Lorenzin e Quagliariello: “Ci dimettiamo ma non ci uniremo a Forza Italia”

Lorenzin e Quagliariello: “Ci dimettiamo ma non ci uniremo a Forza Italia”

Lorenzin e Quagliariello: “Ci dimettiamo ma non ci uniremo a Forza Italia”
Sono pronti a lasciare gli incarichi da ministri della Salute e delle Riforme. Manifestano anche vicinanza a Silvio Berlusconi. Ma Beatrice Lorenzin e Gaetano Quagliarello esprimono dissenso per l’attuale linea del Partito e annunciano che non aderiranno a Forza Italia.

“Accetto senza indugio la richiesta di dimissioni” e “continuerò ad esprimere le mie idee e i miei principi nel campo del centrodestra, ma non in questa Forza Italia”. Le parole dell’ormai ex ministro della Salute, Beatrice Lorenzin, fanno eco a quelle dell’ormai ex ministro delle Riforme, Gaetano Quagliariello, che da Piacenza ha annunciato che “tornato a Roma darò le dimissioni” ma “non credo che non aderirò alla nuova Forza Italia perché il partito è geneticamente modificato".
 
"La sinistra – ha affermato Quagliarello intervistato da Stefano Folli nel corso del Festival del Diritto – ha sbagliato ad avere trattato la vicenda di Berlusconi come una vicenda esclusivamente politica. Questo è il suo errore: non trattare Berlusconi come tutti gli altri senatori, quando c’erano legittimi sospetti sulla normativa applicata", ma "non si può compiere una scelta come le dimissioni senza dibattito interno e sulla spinta di una sola componente. Se Forza Italia è questa, allo non vi aderirò”.

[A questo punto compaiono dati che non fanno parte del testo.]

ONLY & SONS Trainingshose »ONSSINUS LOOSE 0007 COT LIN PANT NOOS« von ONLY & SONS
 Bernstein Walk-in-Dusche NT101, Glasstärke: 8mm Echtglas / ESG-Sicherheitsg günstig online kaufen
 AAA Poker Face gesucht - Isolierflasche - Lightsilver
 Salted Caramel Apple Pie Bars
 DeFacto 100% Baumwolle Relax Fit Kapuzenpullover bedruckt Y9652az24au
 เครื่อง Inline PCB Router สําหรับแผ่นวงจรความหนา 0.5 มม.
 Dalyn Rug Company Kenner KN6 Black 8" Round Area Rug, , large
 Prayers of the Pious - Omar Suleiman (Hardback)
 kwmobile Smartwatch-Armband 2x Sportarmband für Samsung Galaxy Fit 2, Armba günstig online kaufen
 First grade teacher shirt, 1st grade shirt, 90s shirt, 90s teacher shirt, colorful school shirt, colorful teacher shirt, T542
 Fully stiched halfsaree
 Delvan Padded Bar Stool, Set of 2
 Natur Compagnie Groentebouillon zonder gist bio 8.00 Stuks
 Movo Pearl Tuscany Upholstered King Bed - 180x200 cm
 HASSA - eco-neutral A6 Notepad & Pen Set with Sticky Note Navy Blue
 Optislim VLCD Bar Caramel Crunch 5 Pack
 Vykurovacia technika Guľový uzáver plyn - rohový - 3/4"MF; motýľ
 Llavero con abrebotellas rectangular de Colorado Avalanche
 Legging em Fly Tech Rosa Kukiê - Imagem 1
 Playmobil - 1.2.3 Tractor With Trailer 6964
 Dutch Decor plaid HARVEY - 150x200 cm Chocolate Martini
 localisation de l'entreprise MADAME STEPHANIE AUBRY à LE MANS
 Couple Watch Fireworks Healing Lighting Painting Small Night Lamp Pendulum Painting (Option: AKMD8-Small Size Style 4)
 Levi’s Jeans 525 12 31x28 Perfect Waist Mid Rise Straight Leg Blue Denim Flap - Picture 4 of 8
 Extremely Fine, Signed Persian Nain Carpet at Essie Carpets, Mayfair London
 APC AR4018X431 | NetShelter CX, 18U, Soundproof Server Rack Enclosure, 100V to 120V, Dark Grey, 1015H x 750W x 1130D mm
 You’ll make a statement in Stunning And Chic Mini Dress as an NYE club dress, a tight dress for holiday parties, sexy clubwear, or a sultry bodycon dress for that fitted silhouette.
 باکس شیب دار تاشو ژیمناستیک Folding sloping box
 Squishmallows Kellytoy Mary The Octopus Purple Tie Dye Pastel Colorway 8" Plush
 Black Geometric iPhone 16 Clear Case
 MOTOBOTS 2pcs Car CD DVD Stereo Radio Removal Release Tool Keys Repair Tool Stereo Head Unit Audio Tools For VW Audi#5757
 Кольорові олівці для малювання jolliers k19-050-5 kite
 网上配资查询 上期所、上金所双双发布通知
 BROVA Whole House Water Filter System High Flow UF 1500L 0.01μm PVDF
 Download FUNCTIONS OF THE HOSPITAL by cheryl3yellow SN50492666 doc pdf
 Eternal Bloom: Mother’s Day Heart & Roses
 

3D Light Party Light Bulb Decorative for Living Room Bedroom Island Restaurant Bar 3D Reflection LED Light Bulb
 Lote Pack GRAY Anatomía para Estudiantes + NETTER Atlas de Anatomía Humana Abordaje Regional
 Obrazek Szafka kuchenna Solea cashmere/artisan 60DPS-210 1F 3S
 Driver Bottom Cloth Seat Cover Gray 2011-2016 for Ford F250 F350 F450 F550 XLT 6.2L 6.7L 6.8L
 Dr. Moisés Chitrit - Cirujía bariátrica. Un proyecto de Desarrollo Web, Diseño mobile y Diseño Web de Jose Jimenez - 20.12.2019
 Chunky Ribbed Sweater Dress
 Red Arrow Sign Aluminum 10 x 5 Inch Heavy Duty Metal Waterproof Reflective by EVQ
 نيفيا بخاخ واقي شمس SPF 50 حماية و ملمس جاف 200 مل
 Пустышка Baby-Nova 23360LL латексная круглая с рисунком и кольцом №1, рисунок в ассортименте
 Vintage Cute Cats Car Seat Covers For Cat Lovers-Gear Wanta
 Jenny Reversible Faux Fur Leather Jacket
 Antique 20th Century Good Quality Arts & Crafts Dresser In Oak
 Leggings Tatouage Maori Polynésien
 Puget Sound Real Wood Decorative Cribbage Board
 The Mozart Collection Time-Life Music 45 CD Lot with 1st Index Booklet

Per Lorenzin “Berlusconi è un perseguitato e il suo dramma personale è diventato il dramma di tutti noi, di un intero partito, dell'Italia. Comprendo fino in fondo il suo stato d'animo, ma non giustifico né condivido la linea di chi lo consiglia in queste ore. Tentano di distruggere tutto quello che Berlusconi ha costruito e rappresentato per milioni di italiani”. “Questa nuova Forza Italia – ha proseguito il ministro della salute – sta dimostrando d'essere molto diversa da quella del '94. Manca di quei valori e di quel sogno che ci ha portati sin qui. Ci spinge verso una destra radicale in cui non mi riconosco, chiude ai moderati e li mette fuori senza alcuna riflessione culturale, segnandoli come traditori. Esprimo il mio dissenso. Io scelgo il bene degli italiani e del nostro Paese, convinta ancor più di ieri che i moderati di tutti gli schieramenti sapranno ritrovarsi nel campo del centrodestra”.